In 1942, American oil borers put on a barbecue at Midhirst, “probably the first ever held in Taranaki”, according to the Taranaki Daily News, and in 1948, a well-travelled Dunedin couple held a barbecue party recorded by the Otago Daily Times. These events had much more in common with hāngī than with the modern barbecue: meat was slow-cooked in a covered pit over the course of a day.

This all began to change in the 1950s. The suburban population in New Zealand boomed; people began entertaining at home. Barbecues, downsized and sped up, were all the rage. They transformed from community-scale events to private ones, and the cooking technique changed from braising, which took hours, to grilling, which didn’t.

That decade, the Listener’s ads promoted jaffle irons for making toasted sandwiches on the barbecue and mustard to spread on barbecued sausages. In 1953, the Australian Women’s Weekly published instructions for building a brick barbecue at home, but by the 1970s, barbecues were widely available to buy, and some were installed in public parks.

By 2004, when an advertising agency investigated New Zealanders’ concepts of national identity, the barbecue was among the cultural icons listed. New Zealand officials often entertain foreign dignitaries by putting on a barbecue: it acts as a kind of quadruple brag about our meat, seafood, informality and outdoorsiness.

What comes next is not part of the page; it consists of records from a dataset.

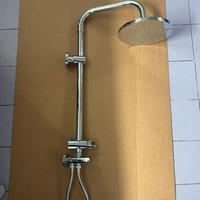 Sali e scendi doccia due vie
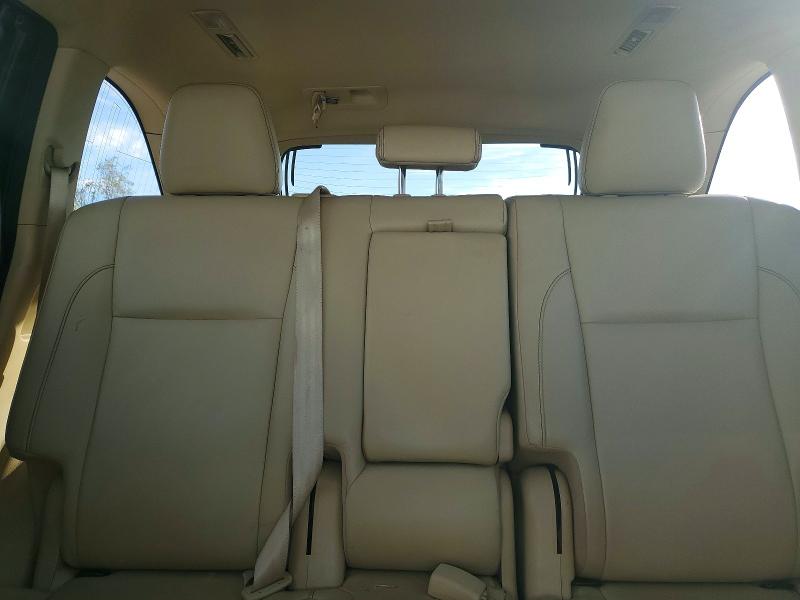 Снимка 10 от търг – 2017 TOYOTA HIGHLANDER с VIN 5TDJZRFH6HS365271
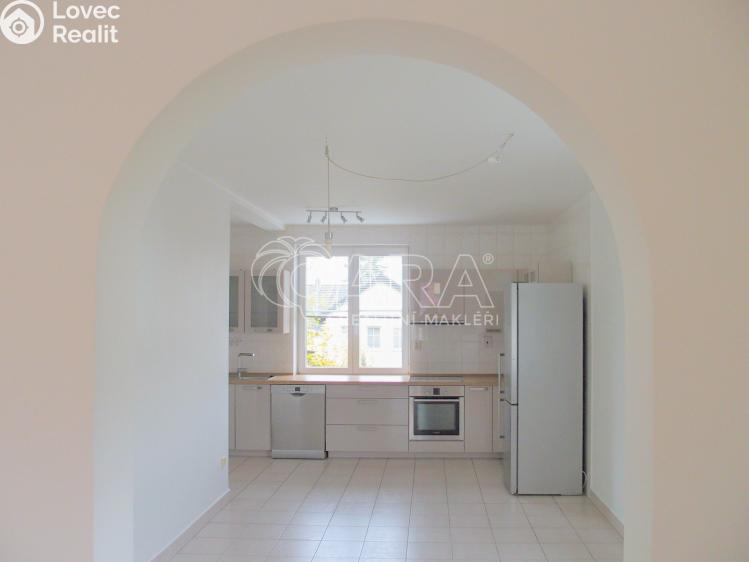 Аренда семейного дома Hluboká nad Vltavou, Janáčkova 985 č. 5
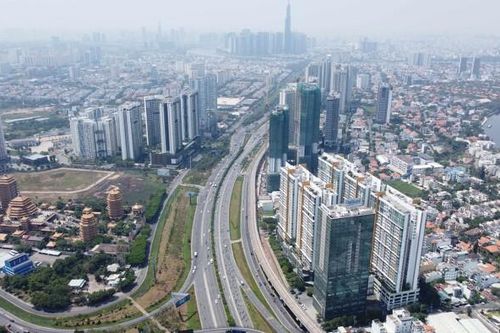 Cẩn trọng với những cơn sốt bất động sản gắn liền với quy hoạch hạ tầng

Still, barbecue is a universal concept, not a specifically Kiwi one. The word itself comes from the Caribbean: Spanish conquistadors heard the Taíno word “barabicu”, mangled it to “barbacoa”, and started using it to describe the way indigenous Mexicans used earth ovens to slow-cook meat wrapped in leaves.

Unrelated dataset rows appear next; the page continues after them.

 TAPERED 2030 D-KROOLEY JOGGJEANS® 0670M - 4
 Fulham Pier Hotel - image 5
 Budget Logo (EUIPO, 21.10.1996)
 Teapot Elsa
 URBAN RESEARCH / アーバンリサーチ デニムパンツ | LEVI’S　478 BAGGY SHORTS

What’s unusual about the way we barbecue—and the United States, Australia and Great Britain are in on this, too—is that men do it, and have done since the 1950s. Why has the barbecue remained so strongly gendered?

Men taking charge of the barbecue fits with broader cultural ideas, write culinary experts Rob Richardson and Dianne Ma at AUT University: the association of meat and fire with masculinity, the (incorrect) idea that men evolved to hunt while women evolved to gather, or the other (incorrect) idea that men have inherited a kind of epigenetic meat-cooking ability from their neolithic ancestors. (We don’t actually know who was in charge of the grill back then.)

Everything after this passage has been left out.